Carta à minha irmã
“Desculpe-me irmã, por não poder dizer-te pessoalmente, acredito que agora, por estar lendo esta carta, encontro-me em outra dimensão.
Foram dias horríveis, estirados em meio a lama: corpos de vivos, corpos de mortos. Não sabíamos se o sol brilharia em nossos olhos mais uma manhã.
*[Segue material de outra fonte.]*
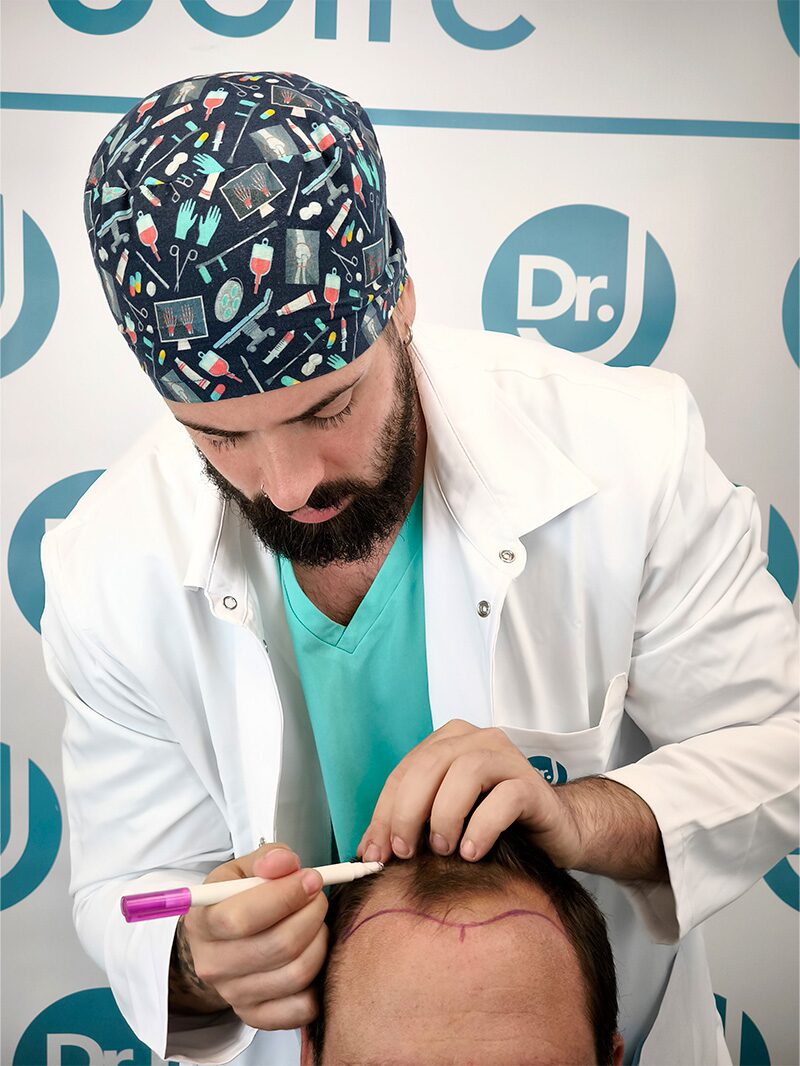 Dr. Jofré marcando la línea capilar antes de la intervención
As vezes desejava a morte, as vezes perdia até a vontade de desejo.
Pensava se veria-te mais uma vez, doce irmã, única em minha vida, duquesa de meu império; singela e calma como o entardecer, trouxe a alegria de volta à minha vida. Cuidei de você como o pai cuida de uma filha, retribuiu-me com teu amor, que já me era o suficiente.
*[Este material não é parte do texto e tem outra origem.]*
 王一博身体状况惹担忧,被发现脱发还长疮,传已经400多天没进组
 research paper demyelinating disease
Por que há de ser assim? Tua foto comigo levara, para onde quer que eu fosse você estava presente, não só na lembrança, mas, também, no coração. Volto a contar-te sobre meus dias; noites horrendas: medo, dor, perigo, ali expostos a tudo e a todos, lutando pela sobrevivência, não, apenas, contra os inimigos, mas contra suas condições.
Tornara-se comum ver amigos suicidarem-se; delírio, loucura, tudo ali transfomara-se em sinônimos. Descrentes da vitória, a guerra já era uma luta de todos contra todos, uma luta pela própria sobrevivência. Confesso-lhe que eu mesmo já quis suicidar-me, mas a vontade de encontra-te mais uma vez reinou sobre mim.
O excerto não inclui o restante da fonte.